Link to Exercise; EYV Part 5 – Exercise 5.2

EYV – Assignment 5 – Photography is Simple

The subject I chose for this assignment is ‘My Journey.’ After visiting the Walker Art Gallery in Liverpool, I recorded the journey to and through Lime Street Station. I chose this subject because Liverpool and the Wirral are places I know well, as I grew up there. I have family still living there and its a place after my own heart. The fact that I was visiting a gallery too, made this subject something special, as visiting photography exhibitions is such an enriching experience for me.  Going from one place I enjoy, (the gallery) to a place that warms my heart, (home). 

Additionally, it was interesting to record the difference in the railway stations. One is a large modern busy, bustling affair, while the other, annexed as the last photograph in the series, is a very small countrified, quiet cottage type station.

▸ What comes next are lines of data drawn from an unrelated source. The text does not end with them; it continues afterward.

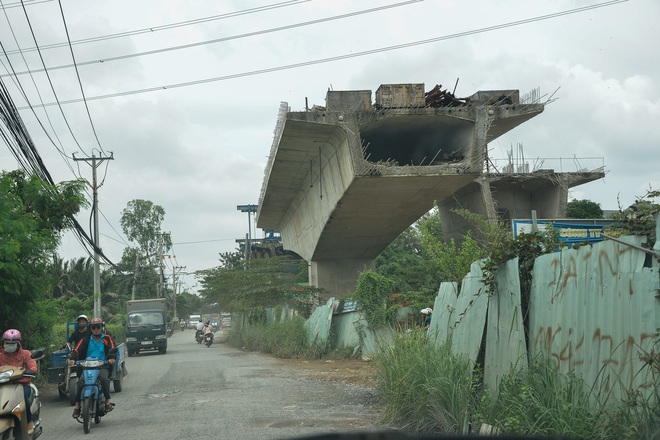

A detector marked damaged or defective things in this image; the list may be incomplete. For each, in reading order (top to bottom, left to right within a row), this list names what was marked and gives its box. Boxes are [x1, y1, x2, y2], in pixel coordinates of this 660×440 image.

rusty metal sheet [484, 256, 532, 394]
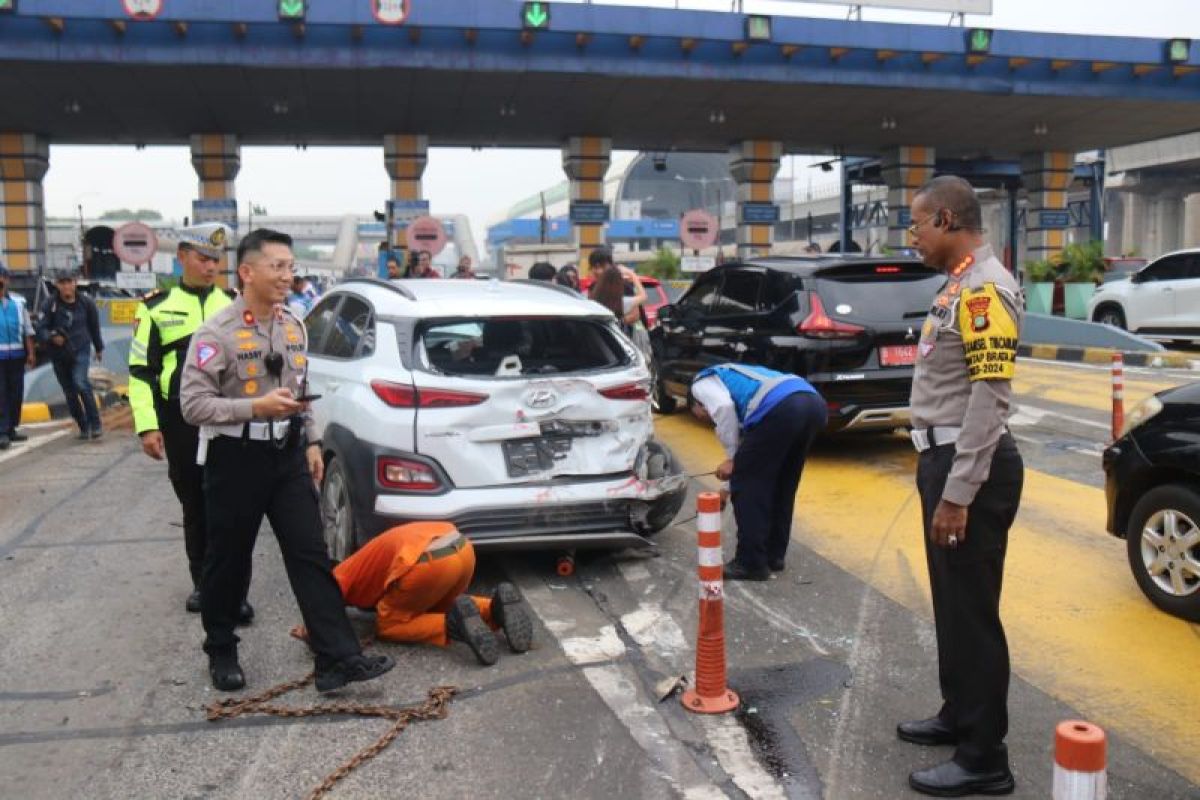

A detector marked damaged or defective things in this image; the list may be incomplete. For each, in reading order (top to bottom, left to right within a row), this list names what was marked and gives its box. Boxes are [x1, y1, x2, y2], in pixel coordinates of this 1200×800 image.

damaged white suv [304, 278, 684, 560]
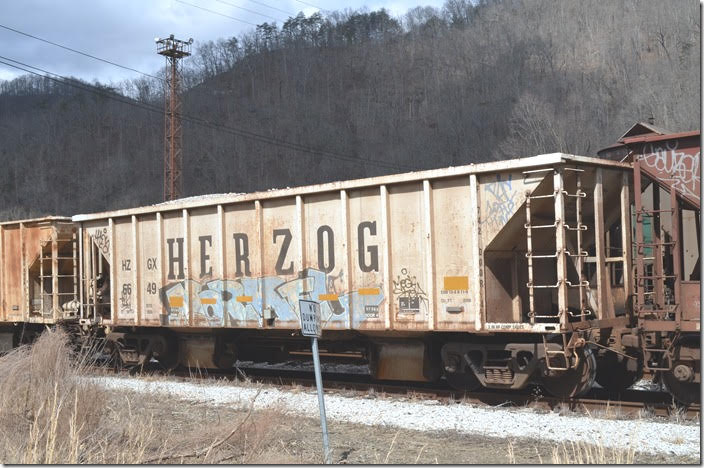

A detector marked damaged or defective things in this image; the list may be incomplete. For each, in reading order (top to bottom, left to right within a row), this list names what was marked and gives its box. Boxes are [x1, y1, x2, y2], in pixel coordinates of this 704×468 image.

rusted metal surface [0, 218, 76, 324]
rusty hopper car [0, 217, 80, 348]
rusted metal surface [74, 152, 636, 334]
rusty hopper car [71, 154, 648, 398]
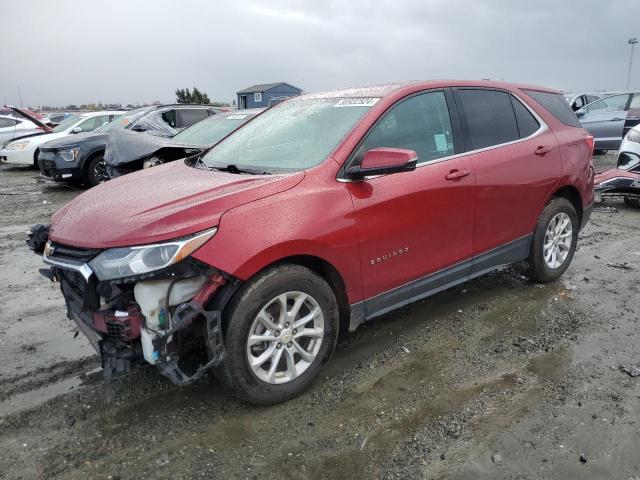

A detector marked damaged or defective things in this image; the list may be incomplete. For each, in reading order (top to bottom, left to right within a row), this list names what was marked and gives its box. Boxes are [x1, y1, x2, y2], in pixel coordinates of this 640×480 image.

damaged front bumper [26, 225, 235, 386]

The architecture between the two couldn’t be more different.

The series is all about the journey that took me from the gallery to the very big busy Lime Street train station, then onto the train, with the final image of the station on the Wirral, a little quiet station on Grove Road. This last image is there as an epilogue to the narrative, needed to show the difference in the two stations and the serenity that is felt when one gets home.  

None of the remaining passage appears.